(Stored data entries)
Start of Block

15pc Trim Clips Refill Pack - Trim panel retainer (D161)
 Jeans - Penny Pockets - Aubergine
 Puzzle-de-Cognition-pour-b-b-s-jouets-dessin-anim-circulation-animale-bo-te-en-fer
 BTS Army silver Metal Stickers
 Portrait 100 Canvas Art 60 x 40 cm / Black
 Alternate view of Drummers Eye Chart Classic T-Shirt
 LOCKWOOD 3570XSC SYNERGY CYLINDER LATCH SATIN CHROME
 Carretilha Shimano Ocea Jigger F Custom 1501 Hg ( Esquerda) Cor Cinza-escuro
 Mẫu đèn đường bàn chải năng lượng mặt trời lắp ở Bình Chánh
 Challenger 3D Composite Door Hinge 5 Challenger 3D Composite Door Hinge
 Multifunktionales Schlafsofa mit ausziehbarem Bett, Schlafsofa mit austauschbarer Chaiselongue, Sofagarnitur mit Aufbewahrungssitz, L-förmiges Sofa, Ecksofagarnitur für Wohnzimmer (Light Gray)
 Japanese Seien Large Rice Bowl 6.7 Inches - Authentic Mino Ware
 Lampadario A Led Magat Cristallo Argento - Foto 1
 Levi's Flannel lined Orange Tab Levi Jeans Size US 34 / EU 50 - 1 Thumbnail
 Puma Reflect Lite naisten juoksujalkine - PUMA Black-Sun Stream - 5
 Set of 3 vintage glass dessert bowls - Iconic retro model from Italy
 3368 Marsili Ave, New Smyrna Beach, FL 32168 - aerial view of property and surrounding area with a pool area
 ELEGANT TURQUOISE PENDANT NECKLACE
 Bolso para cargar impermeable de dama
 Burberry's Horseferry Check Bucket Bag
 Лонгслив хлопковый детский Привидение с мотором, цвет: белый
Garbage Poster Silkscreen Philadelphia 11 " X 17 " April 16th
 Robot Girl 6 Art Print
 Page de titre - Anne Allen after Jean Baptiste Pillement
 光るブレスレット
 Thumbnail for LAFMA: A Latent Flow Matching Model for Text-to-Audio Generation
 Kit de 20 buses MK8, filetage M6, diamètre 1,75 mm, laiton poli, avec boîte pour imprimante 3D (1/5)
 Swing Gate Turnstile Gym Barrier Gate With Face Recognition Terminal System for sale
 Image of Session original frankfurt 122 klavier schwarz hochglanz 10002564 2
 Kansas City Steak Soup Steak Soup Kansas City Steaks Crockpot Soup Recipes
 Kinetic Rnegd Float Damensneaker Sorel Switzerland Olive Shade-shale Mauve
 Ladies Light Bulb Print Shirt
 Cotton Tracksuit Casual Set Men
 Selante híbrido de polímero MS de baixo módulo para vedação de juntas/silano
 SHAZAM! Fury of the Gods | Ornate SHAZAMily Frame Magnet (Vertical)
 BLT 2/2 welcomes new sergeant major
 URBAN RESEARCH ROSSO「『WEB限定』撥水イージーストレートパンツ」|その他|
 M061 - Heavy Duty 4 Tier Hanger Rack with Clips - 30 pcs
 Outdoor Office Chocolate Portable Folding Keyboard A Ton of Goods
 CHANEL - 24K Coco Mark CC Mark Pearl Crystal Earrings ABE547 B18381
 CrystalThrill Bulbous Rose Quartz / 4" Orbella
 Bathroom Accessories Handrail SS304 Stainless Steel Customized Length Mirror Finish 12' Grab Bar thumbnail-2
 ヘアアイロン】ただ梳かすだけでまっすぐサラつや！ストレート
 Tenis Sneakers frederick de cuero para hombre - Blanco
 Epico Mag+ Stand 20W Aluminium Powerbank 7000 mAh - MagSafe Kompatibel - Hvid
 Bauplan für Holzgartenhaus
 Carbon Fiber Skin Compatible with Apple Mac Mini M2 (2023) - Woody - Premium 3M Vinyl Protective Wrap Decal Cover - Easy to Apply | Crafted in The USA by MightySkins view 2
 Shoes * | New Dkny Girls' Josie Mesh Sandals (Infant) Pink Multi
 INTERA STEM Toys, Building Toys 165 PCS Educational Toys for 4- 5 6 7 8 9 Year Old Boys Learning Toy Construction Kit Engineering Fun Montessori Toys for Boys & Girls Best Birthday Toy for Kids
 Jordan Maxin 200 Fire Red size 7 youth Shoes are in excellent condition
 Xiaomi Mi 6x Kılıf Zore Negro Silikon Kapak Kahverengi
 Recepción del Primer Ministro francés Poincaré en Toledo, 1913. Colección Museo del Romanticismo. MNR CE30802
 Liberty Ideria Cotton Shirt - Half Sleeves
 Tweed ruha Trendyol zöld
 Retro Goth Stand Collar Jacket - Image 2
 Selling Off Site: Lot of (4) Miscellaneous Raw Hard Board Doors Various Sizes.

End of Block

> **Instructions to follow**
From the line that has "Carretilha Shimano Ocea" through the line that has "Japanese Seien Large", copy every line exactly as it appears above, and leave out all others.

> **Completed exercise**
 Carretilha Shimano Ocea Jigger F Custom 1501 Hg ( Esquerda) Cor Cinza-escuro
 Mẫu đèn đường bàn chải năng lượng mặt trời lắp ở Bình Chánh
 Challenger 3D Composite Door Hinge 5 Challenger 3D Composite Door Hinge
 Multifunktionales Schlafsofa mit ausziehbarem Bett, Schlafsofa mit austauschbarer Chaiselongue, Sofagarnitur mit Aufbewahrungssitz, L-förmiges Sofa, Ecksofagarnitur für Wohnzimmer (Light Gray)
 Japanese Seien Large Rice Bowl 6.7 Inches - Authentic Mino Ware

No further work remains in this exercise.